Gainesville Ramblings

This is a blog, and thus it barely qualifies as writing, let alone formal writing, so I'd not let it bother you.

Sunday, July 15, 2007

Man Vs. Wild Drinking Game

A few weeks ago, I went over to Cush's and we ended up watching what is probably the best show on television right now: Man Vs. Wild. In this show, Bear Grylls proves that he is a true man. This is a guy whose parachute didn't open when jumping out of an airplane, he broke his back in three places, went through 18 months of rehab, and then decided to climb Everest. Yes, Bear Grylls, you are truly more man than the rest of us.

But if you haven't seen this show yet, you really need to turn on the Discovery Channel, cause its always on. Basically, Bear gets dropped into a remote place in the world, with a knife, a piece of flint, and a water bottle. He has to find his way out, using only his wits, and his ability to get out alive. It usually involves some combination Bear doing stuff absolutely bat-shit insane, killing things, and making wierd shelters to stay in.
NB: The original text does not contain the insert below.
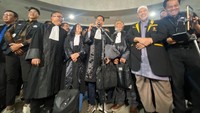 MK Tak Temukan Bukti Gibran Tamat SMA, Denny Indrayana: Tak Bisa Maju di 2029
But back to the story: Me and Cush are watching Man Vs. Wild, and decide to make a drinking game of it. Now, here are the rules that have become a Friday evening tradition:

Take a drink if:
...Bear says he is an experienced climber
...Bear says that something is 'not ideal.'
...he uses Britishism (such as saying torch instead of flashlight, or 'glacier' with a short vowel sound at 'a')
...he kills something (including bugs and grubs)
...Bear lights a fire...he has to find his bearings, or actually does find his bearings
...he tells you that you have to keep your spirits up
...he tells you to find a stream and follow it to a river, and follow that to civilization
...Bear tells you to about a native technique
...Bear tells about someone getting lost or dying horribly in the environment he's in
...Bear contradicts the Bible (something happening millions of years ago, mentioning evolution, etc.)
...anyone in the room says 'What the fuck?!' in response to something Bear does.
...he builds a shelter
...night vision is used
...uses a stick for something other than walking

Take two drinks if:
...Bear kills something in a bad ass way (uses a homemade bow and arrow, uses a throwing stick to take out a rabbit)
...Bear bites into something still alive
...he yells at the camera man
...he puts himself in danger to show you how to get out of it

Take three drinks if:
...Bear fails to light a fire
...Bear eats something that's already dead
...he has to use the camera guys (for light, for example)

Drink the entire time that Bear:
...Drinks his own urine
...Drinks poo water
...Does anything that makes you gag

So this Friday at 9pm, gather with your friends, get some beer, and marvel at the man named Bear.